Task details: Beginning with the first line of the entries below, quote each line until you reach and include the line with "2017 Mercedes-Benz CLA-Class".

:: Data for processing

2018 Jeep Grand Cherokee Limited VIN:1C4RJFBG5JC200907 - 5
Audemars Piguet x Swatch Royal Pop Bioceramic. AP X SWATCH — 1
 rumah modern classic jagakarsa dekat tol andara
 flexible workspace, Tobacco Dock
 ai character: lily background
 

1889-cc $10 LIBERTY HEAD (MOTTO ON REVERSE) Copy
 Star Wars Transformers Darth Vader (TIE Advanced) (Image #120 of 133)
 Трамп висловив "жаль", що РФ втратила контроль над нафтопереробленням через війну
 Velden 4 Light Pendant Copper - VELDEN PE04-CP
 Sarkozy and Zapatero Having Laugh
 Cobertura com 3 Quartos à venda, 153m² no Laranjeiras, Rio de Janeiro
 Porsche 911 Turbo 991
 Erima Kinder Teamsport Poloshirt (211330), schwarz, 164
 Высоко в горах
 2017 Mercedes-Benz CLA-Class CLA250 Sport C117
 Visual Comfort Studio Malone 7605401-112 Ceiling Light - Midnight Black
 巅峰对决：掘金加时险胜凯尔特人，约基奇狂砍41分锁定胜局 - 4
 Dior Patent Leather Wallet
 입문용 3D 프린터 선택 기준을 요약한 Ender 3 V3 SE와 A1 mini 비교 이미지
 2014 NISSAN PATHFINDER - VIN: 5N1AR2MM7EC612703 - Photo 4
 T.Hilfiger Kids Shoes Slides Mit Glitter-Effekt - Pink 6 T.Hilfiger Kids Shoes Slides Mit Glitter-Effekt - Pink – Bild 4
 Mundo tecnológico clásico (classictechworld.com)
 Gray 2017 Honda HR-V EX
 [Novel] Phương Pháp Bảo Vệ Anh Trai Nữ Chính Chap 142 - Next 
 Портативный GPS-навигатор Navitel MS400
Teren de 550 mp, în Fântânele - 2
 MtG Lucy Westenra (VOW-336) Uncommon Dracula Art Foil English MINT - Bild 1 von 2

::::

Result of the exercise:
2018 Jeep Grand Cherokee Limited VIN:1C4RJFBG5JC200907 - 5
Audemars Piguet x Swatch Royal Pop Bioceramic. AP X SWATCH — 1
 rumah modern classic jagakarsa dekat tol andara
 flexible workspace, Tobacco Dock
 ai character: lily background
 

1889-cc $10 LIBERTY HEAD (MOTTO ON REVERSE) Copy
 Star Wars Transformers Darth Vader (TIE Advanced) (Image #120 of 133)
 Трамп висловив "жаль", що РФ втратила контроль над нафтопереробленням через війну
 Velden 4 Light Pendant Copper - VELDEN PE04-CP
 Sarkozy and Zapatero Having Laugh
 Cobertura com 3 Quartos à venda, 153m² no Laranjeiras, Rio de Janeiro
 Porsche 911 Turbo 991
 Erima Kinder Teamsport Poloshirt (211330), schwarz, 164
 Высоко в горах
 2017 Mercedes-Benz CLA-Class CLA250 Sport C117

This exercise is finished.